В этой наотмашь бьющей характеристике Дорошевича только ли раздражение в связи с гонорарными «обидами», чинимыми газетой близким людям? Пребывающий на «горних высях» поэт может, разумеется, считать газетчика «человеком улицы», «плоским», «бездарным». Но «мерзавец» — это уже явная нетерпимость, если не злоба. Блок злится, он и сам это признает. И уже не только Дорошевич — «мерзавец», но и Сытин всего лишь «купчина», «дурак и жила». Когда болит душа за друзей, где уж тут помнить о том, что Сытин, дав народу дешевую книгу, много сделал для его просвещения. Что Дорошевичу прежде всего «Русское слово» обязано своим успехом, а большие деньги, получаемые им, — это плата за колоссальный труд, который и не снился друзьям Блока. Более 60 тысяч строк в год! Почти 200 строк в день! Не все в них равноценно, но это было слово, с которого читатель за утренним чаем начинал знакомиться с очередным номером газеты. И давались эти строки их автору совсем не легко. По свидетельству Августы Даманской упоминание в его присутствии о легкости, с которой он пишет, выводило его из себя: «Легкость, с какой я пишу… Кто может знать, как и сколько я писал свой „маленький фельетон“ или свой еженедельный фельетон… Сел и написал, и получил большой гонорар. Надо быть идиотом для таких догадок. Я пишу свой фельетон целую неделю. Днем и ночью — когда сижу за редакторским столом, и когда бреюсь, и когда принимаю ванну. Думаю, додумываю, меняю, добавляю, зачеркиваю, перечеркиваю. И только потому выходит у меня неплохо. Потому что я труженик, потому что я умею трудиться»[1175]

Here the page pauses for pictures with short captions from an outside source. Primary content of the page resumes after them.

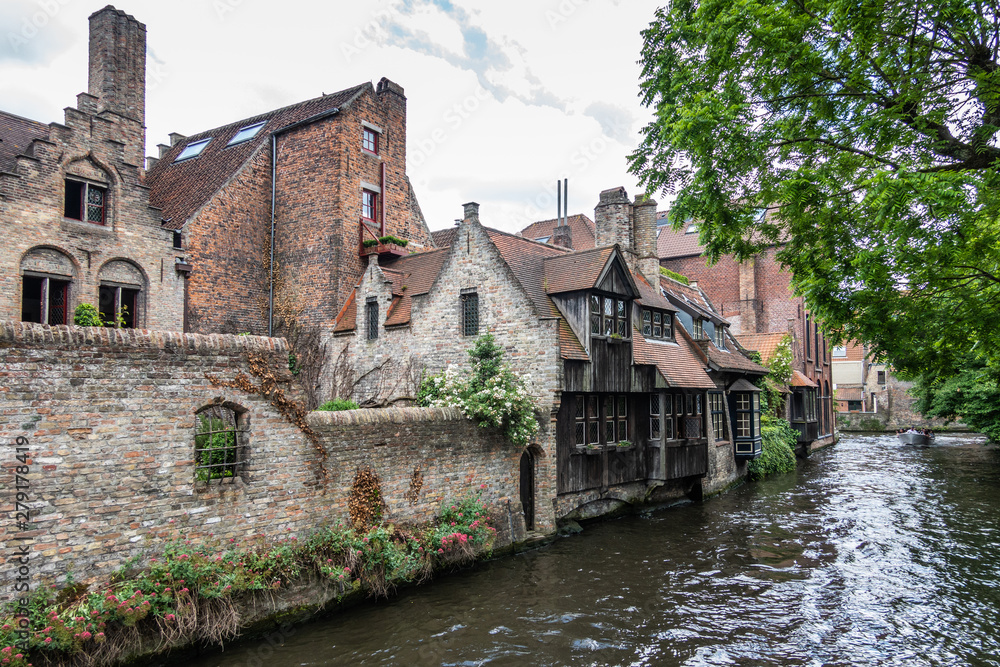 Bruges, Flanders, Belgium - June 17, 2019: Dark brown wooden facade among other brown brick stone facades along black water canal. Green foliage and white clouds. Bruges, Flanders, Belgium - June 17, 2019: Dark brown wooden facade among other brown brick stone facades along black water canal. Green foliage and white clouds.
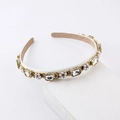 Close-up of pearl and crystal headband with gold filigree details on white stand - White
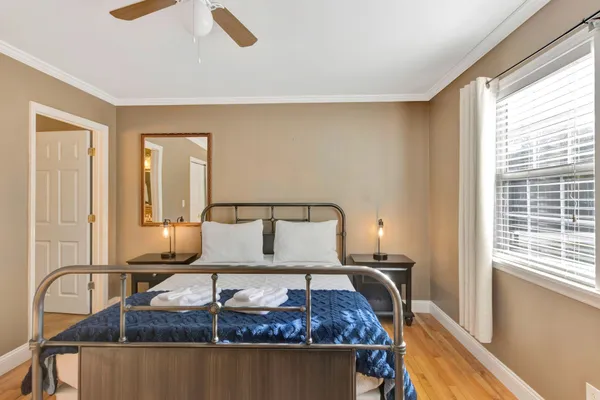 a bedroom with a bed and a chandelier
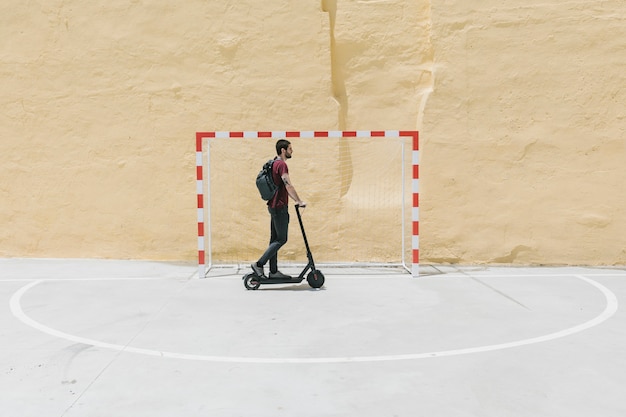 Photo homme, équitation, e-scooter, sur, cour de handball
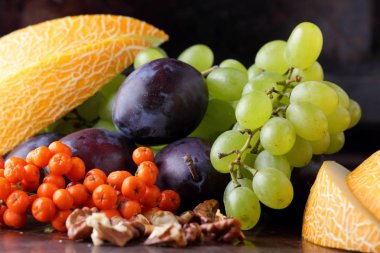 Erik, üzüm, üvez ve karanlık bir arka plan üzerinde ceviz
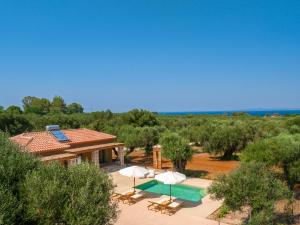 an external view of a villa with a swimming pool at Terra Oleana Cottages in Vasilikos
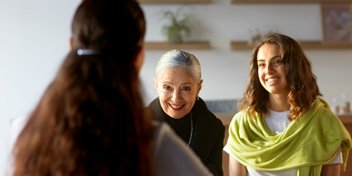  Två kvinnor sitter mitt emot en audionom på Audikas nya hörselklinik i Jönköping.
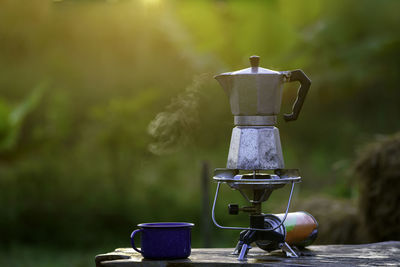 Antique coffee pot on the gas stove for camping when the sun rises in the morning.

. Слова эти подтверждают воспоминания Чуковского, наблюдавшего в московских номерах Елисеева, как Дорошевич «пишет свои статьи. Перед ним лежала груда бумажек, каждая величиною с игральную карту, на каждой бумажке он писал одну строку. Если строка не годилась, он швырял бумажку на пол, брал другую, писал новый вариант той же строки, если и этот не нравился, он швырял на пол этот. Пол был усеян такими вариантами забракованных строк»[1176]. А вот свидетельство работавшего недолгое время в «Русском слове» журналиста И. А. Волкова: «Работал Дорошевич добросовестно и много, и знаменитый лаконический стиль его фельетонов давался ему не так легко. Говорят, случалось, что иногда крохотная строчка, из одного слова и талантливо поставленной точки, стоила Дорошевичу долгого обдумывания. А публика, читая эти фельетоны, восхищалась и удивлялась:— Как легко написано!»[1177]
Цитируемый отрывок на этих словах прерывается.